Why higher education is like a Ponzi scheme

The Takeaway

This story was originally reported by PRI’s The Takeaway. For more, listen to the audio above.

The recession is hitting Ph.D. students hard. After years of hard work with paltry pay, many students are finding out that the academic jobs of their dreams don’t exist. There simply aren’t enough tenure-track jobs out there to support all the Ph.D. students, according to Monica J. Harris, a professor of psychology at the University of Kentucky. So Harris has decided to stop admitting Ph.D. students.

“I’m no longer willing to pin my students’ prospects for their futures on an ephemeral job market that shines in the distance like a mirage,” Harris wrote for Inside Higher Ed. She believes that educational institutions need to radically rethink how higher education is structured, including admitting fewer Ph.D. students. And Harris is doing her part. She told The Takeaway:

I really think that the job market today is much like a Ponzi scheme on the verge of collapse. There’s an oversupply of students, and every year the departments are churning out more and more graduate students for fewer and fewer academic jobs. And at some point growth like that just isn’t sustainable.

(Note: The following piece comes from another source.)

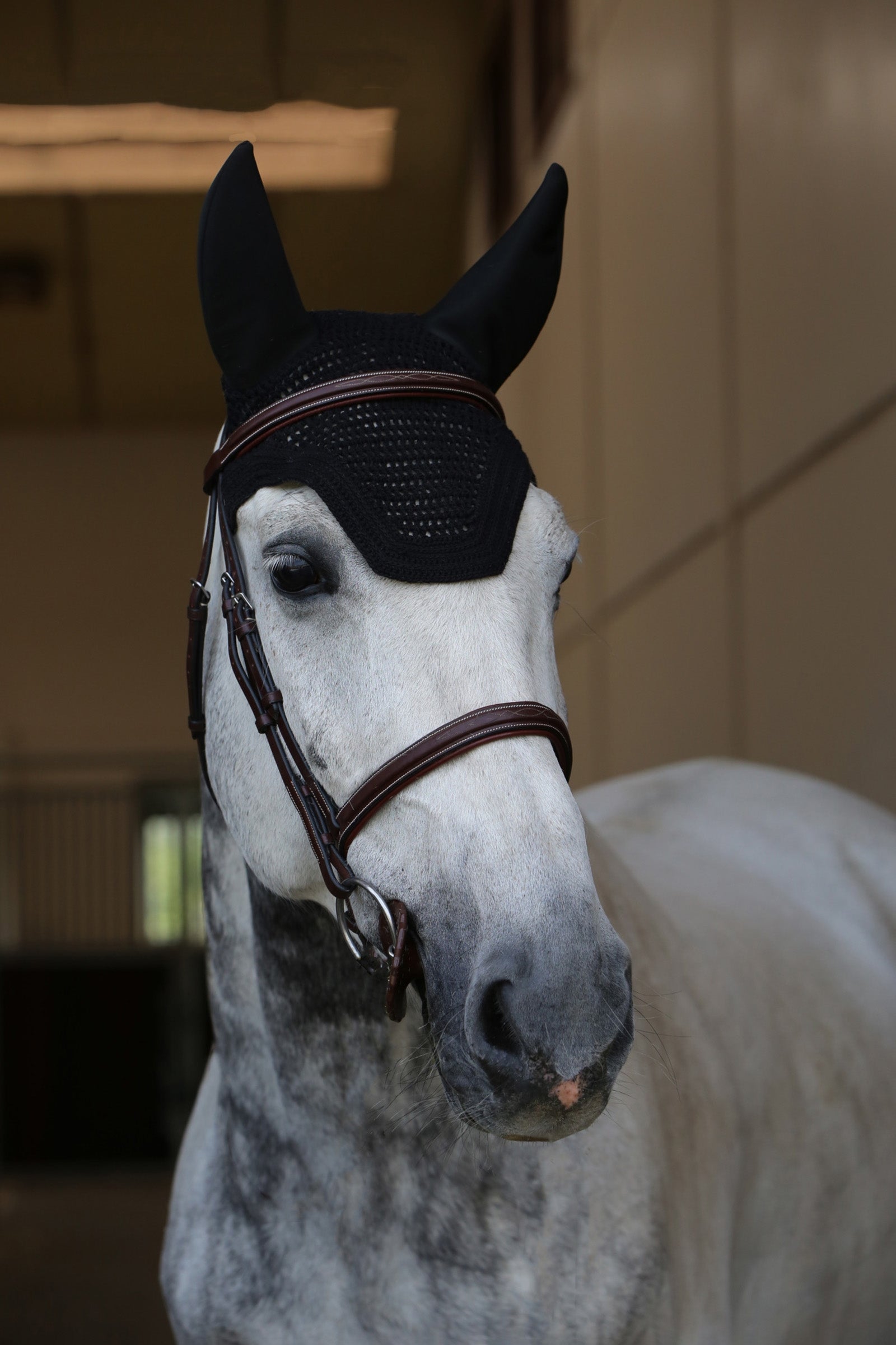 Kentucky Horsewear Fly Veil Wellington Soundless Saddle Pads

Harris emphasizes that it’s nothing sinister, and nothing orchestrated by one person. She wrote, “Churning out Ph.D.s is one of the major metrics of departmental ‘success.’ Departments need graduate students to teach their classes, and faculty members need them to run their labs.” They keep accepting Ph.D. students to look impressive, and they rely on them as a convenient and cheap source of labor.

The students, then, get exploited. “I don’t think they quite understand just how bad the job market is,” Harris told The Takeaway. “And I’m not sure it’s fair to take them in for all that work and low pay if there’s not going to be a job they want at the end of it.”